BEGIN INPUT DATA

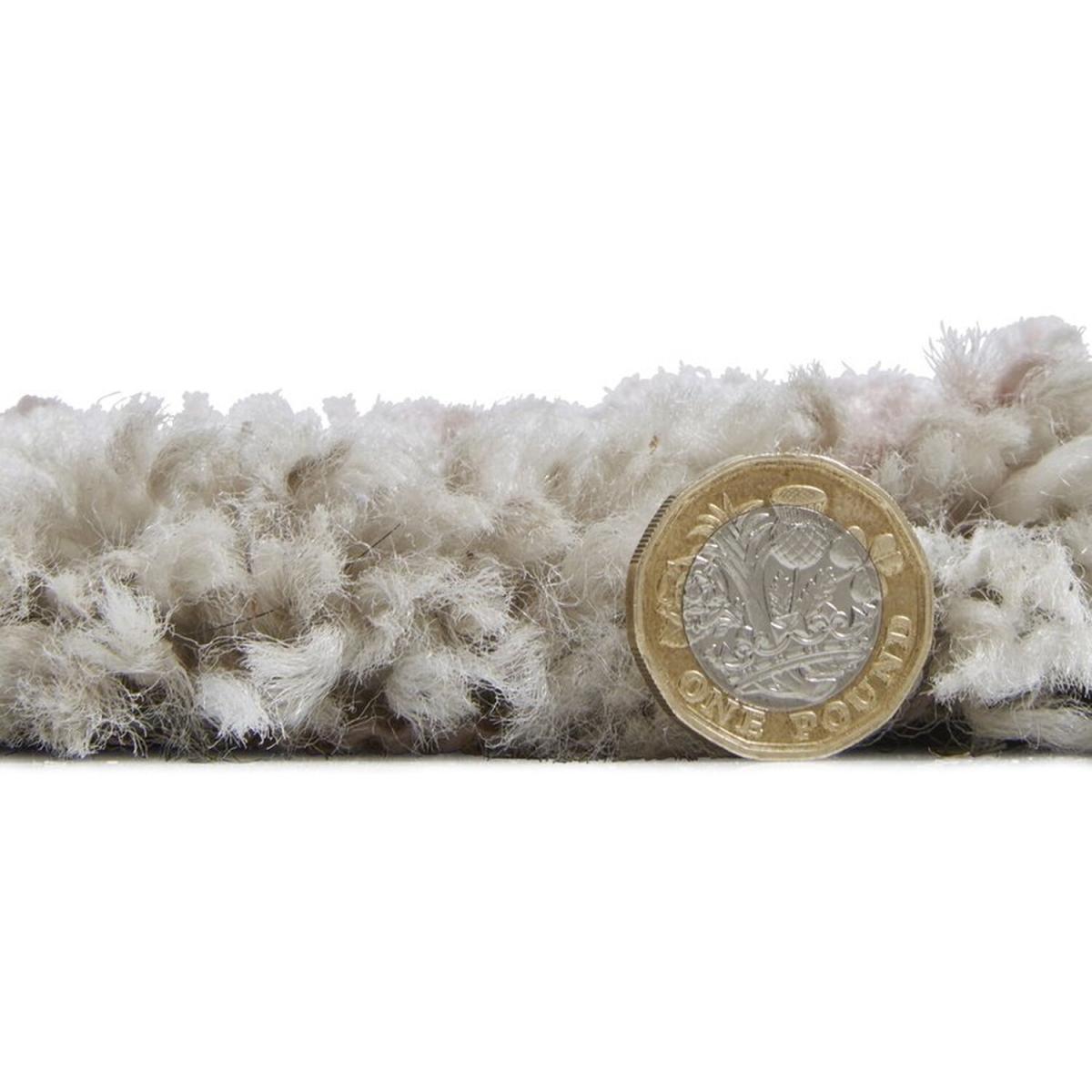 Boho 7043 Rose Rug - Rose / 170cm – image 7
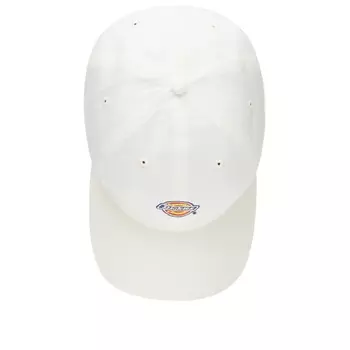 Кепка Dickies Hardwick, белый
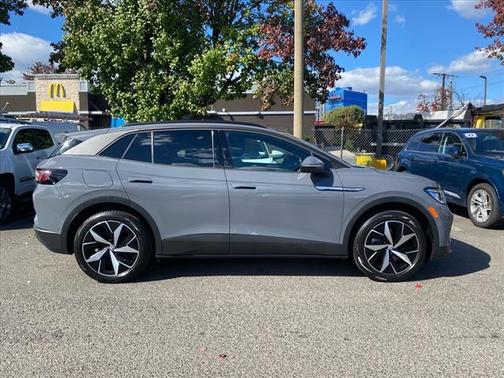 2023 Volkswagen ID.4 AWD Pro S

END INPUT DATA

WORK TO BE COMPLETED
Drop the pictures and reproduce the rest of the data above exactly.

SOLUTION FOR THIS TASK
 Boho 7043 Rose Rug - Rose / 170cm – image 7
 Кепка Dickies Hardwick, белый
 2023 Volkswagen ID.4 AWD Pro S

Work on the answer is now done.